Sin duda, establecer una fuerte conexión con Al-lah es el objetivo principal de todos los padres y el medio para inculcar con éxito la fe en los niños. Por lo tanto, una de las narraciones fundamentales que tenemos es la del compañero del Profeta, Abdul-lah Ibn ‘Abbas, que Al-lah esté complacido con él, que dijo: “Un día, estaba cabalgando detrás del Profeta, la paz y las bendiciones de Al-lah sean con él, cuando dijo: ‘Oh, muchacho, recuerda a Al-lah y Él te protegerá. Recuerda a Al-lah y Lo encontrarás contigo. Cuando pidas (por cualquier cosa), pídelo a Al-lah. Y si buscas ayuda, busca la ayuda de Al-lah’”(At-Tirmidhi).
Conclusión
El estudio sobre el ateísmo enfatiza la necesidad crítica de que los padres sean conscientes de su comportamiento en todo momento, especialmente en lo que respecta a cómo actúan sobre sus creencias religiosas. El enfoque islámico para la educación de los hijos no solo confirma la correlación entre el comportamiento de los padres y el resultado de la fe en el hijo, sino que también proporciona la solución óptima para fomentar la fe y salvaguardarla. El objetivo principal de los padres es inculcar activamente la fe en sus hijos, esto se logra mejor cuando los padres adquieren un conocimiento correcto del Islam y tienen completo entendimiento de los roles y responsabilidades que Al-lah les ha asignado. Buscar el apoyo de recursos externos cuando sea necesario y compañía de personas con una mentalidad similar es una aplicación práctica y necesaria del enfoque islámico para la crianza.

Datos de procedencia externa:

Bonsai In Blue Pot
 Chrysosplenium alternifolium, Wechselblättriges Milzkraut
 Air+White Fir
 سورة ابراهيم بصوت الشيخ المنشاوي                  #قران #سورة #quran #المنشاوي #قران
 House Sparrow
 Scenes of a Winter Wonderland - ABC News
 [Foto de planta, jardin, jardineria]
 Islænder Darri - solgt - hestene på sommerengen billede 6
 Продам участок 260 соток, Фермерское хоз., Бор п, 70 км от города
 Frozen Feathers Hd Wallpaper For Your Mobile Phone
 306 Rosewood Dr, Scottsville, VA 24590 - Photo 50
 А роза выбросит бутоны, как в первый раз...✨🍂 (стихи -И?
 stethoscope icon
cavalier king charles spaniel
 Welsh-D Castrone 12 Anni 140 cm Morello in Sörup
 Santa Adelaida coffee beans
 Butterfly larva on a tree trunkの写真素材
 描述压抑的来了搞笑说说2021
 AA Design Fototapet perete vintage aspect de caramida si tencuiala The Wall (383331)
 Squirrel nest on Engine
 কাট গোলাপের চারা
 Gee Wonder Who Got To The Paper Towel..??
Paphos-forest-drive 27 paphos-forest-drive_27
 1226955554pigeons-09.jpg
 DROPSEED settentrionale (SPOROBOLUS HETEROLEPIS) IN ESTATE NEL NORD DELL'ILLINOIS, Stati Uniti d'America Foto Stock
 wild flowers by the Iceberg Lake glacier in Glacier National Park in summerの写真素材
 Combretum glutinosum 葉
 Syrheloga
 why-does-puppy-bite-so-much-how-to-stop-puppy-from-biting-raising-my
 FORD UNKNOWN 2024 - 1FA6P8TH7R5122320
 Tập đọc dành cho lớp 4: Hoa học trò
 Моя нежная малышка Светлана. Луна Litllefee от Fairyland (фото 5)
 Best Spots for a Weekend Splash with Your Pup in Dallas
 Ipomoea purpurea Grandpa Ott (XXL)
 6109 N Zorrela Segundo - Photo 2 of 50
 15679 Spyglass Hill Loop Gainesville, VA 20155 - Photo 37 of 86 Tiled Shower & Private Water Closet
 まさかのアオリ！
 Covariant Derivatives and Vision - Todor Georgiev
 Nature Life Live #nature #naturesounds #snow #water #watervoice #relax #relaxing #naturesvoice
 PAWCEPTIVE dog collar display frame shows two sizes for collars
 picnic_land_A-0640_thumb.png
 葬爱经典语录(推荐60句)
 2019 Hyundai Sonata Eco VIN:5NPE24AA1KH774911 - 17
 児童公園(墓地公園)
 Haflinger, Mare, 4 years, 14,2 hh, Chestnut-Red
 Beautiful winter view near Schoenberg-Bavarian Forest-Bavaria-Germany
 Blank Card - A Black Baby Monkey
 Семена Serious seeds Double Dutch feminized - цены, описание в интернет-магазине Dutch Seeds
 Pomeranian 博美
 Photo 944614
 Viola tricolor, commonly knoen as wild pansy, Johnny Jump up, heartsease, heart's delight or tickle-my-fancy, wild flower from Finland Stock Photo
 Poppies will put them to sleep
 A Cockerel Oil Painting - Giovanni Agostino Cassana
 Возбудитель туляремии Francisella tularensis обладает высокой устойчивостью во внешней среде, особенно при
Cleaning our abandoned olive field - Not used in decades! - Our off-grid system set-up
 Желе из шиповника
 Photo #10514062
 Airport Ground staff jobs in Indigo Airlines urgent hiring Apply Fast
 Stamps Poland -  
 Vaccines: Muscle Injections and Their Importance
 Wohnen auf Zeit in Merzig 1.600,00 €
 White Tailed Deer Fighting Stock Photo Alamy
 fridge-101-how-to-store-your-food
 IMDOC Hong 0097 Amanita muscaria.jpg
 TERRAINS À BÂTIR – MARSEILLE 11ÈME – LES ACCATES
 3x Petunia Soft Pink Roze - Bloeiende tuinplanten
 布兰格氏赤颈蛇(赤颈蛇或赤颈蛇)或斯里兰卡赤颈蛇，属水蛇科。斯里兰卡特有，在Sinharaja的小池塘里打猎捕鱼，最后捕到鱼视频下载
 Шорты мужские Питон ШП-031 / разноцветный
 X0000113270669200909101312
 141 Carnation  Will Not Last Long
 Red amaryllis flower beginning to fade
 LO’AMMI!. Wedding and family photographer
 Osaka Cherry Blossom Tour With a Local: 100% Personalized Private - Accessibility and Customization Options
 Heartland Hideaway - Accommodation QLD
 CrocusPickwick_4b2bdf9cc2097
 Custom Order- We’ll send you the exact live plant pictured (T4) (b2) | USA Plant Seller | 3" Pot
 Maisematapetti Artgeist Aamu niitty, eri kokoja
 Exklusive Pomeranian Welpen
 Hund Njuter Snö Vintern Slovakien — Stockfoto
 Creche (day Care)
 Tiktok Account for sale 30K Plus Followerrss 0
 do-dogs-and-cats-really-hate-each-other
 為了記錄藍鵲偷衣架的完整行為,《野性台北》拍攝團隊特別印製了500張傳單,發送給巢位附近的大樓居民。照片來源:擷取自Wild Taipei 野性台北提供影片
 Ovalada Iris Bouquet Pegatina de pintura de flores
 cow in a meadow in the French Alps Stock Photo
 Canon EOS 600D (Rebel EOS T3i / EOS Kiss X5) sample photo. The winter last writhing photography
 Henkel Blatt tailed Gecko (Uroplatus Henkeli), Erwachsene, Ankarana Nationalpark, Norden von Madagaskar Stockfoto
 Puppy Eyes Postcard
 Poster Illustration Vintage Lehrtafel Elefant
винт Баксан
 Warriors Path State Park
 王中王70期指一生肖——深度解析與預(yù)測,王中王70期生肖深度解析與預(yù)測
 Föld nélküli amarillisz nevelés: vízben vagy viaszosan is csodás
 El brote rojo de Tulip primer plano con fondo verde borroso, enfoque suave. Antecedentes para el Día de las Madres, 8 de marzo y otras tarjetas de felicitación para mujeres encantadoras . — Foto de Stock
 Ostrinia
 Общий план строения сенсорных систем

También es importante estar al tanto de los desafíos que enfrentan los musulmanes hoy en día para resguardarse de ellos y superarlos, particularmente aquellos que contribuyen a la duda y al abandono de la fe en un entorno cada vez más secular. Además, es de suma importancia para los padres pasar tiempo de calidad con sus hijos y crear un ambiente en el hogar que fomente una comunicación sana y abierta entre ambos. El modelo profético proporciona la guía ideal para lograr estos objetivos, de manera que el niño busque activamente la orientación y respuestas en los padres y responda voluntariamente de acuerdo con su inclinación natural hacia la fe y a creer: la fitra.
En última instancia, este enfoque permite que tanto el padre como el niño aprendan y crezcan juntos en sus respectivos roles como musulmanes seguros, equipados para nutrirse y beneficiarse mutuamente y para contribuir a la sociedad en general. Finalmente, hacer que el hogar de uno sea un santuario donde el recuerdo de Al-lah sea abundante es esencial para todos los creyentes y, de igual manera, para todos los padres que buscan infundir fe en sus hijos. De hecho, es esencial tener esperanza y confiar en Al-lah. El Profeta, la paz y las bendiciones de Al-lah sean con él, dijo: "La casa en la que se recuerda a Al-lah y la casa en la que Al-lah no es recordado son como los vivos y los muertos” (Muslim).